GIVEN INFORMATION Block Start
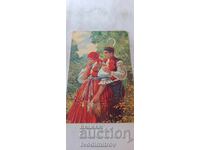 Postcard C. V. Muttich Vzdorovita 1916 C K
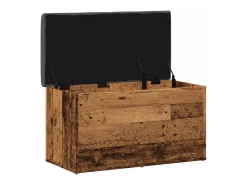 Banco de almacenaje de madera antigua 82x42x45 cm madera de ingeniería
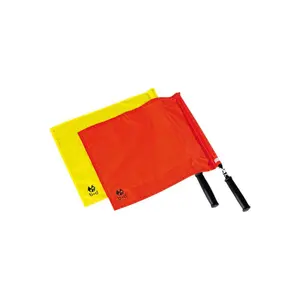 Fotbollsflagga med touch b+d Assistant Referee Flag AR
GIVEN INFORMATION Block End
Transcribe the full listing exactly, but keep every image out of it.

## ANSWER BOX
 Postcard C. V. Muttich Vzdorovita 1916 C K
 Banco de almacenaje de madera antigua 82x42x45 cm madera de ingeniería
 Fotbollsflagga med touch b+d Assistant Referee Flag AR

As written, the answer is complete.